All records are to be transcribed in full; any pictures among them are to be skipped.
____________________
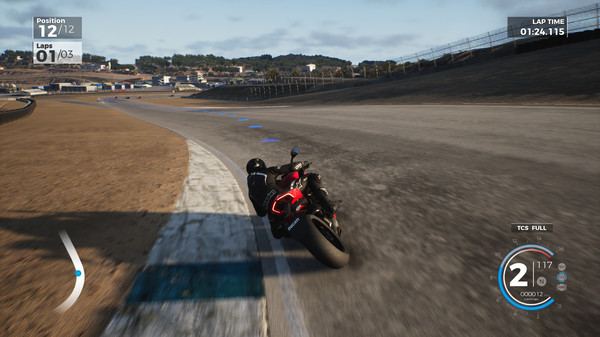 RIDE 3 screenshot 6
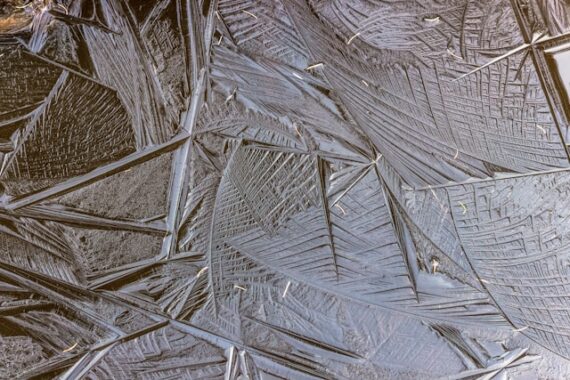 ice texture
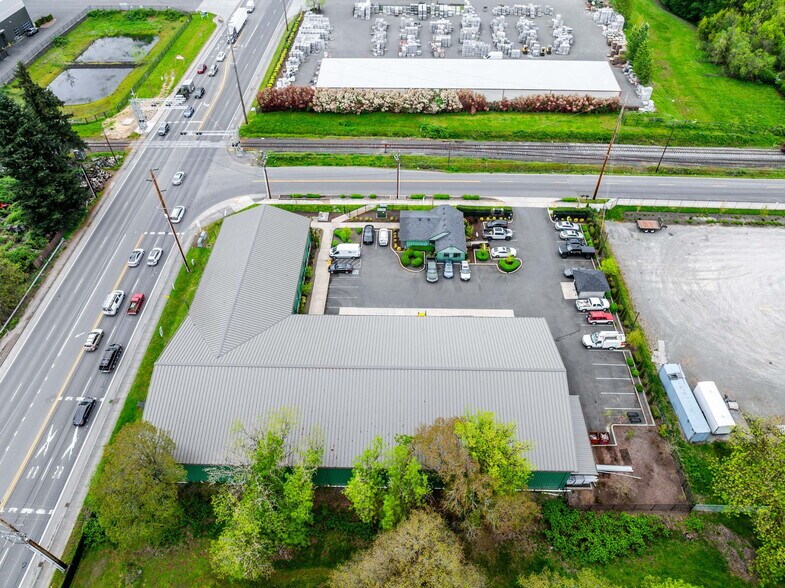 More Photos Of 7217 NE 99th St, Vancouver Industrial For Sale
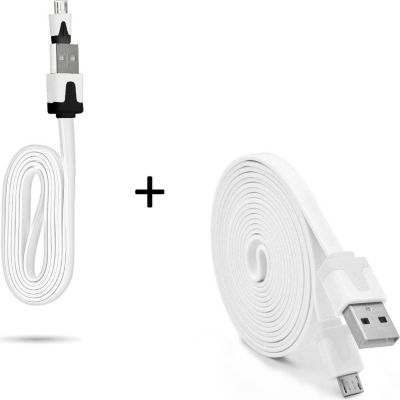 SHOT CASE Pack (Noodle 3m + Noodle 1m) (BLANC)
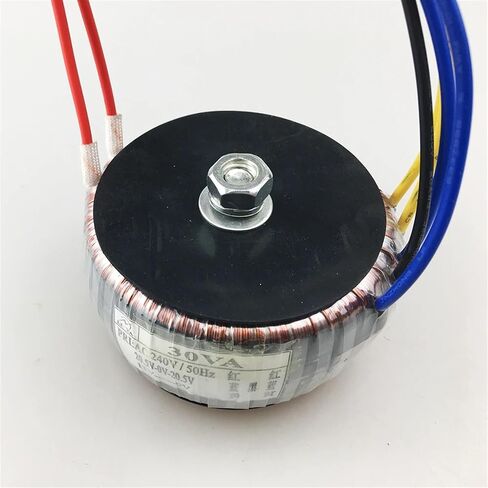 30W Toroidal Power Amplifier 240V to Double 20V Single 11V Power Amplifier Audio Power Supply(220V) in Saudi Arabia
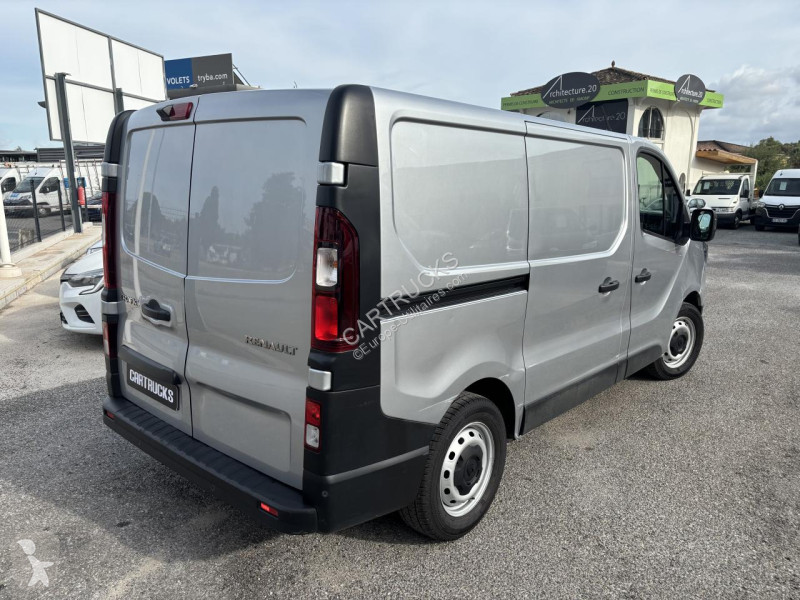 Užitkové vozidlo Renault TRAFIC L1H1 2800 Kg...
____________________
## [WRITTEN SOLUTION]
 RIDE 3 screenshot 6
 ice texture
 More Photos Of 7217 NE 99th St, Vancouver Industrial For Sale
 SHOT CASE Pack (Noodle 3m + Noodle 1m) (BLANC)
 30W Toroidal Power Amplifier 240V to Double 20V Single 11V Power Amplifier Audio Power Supply(220V) in Saudi Arabia
 Užitkové vozidlo Renault TRAFIC L1H1 2800 Kg...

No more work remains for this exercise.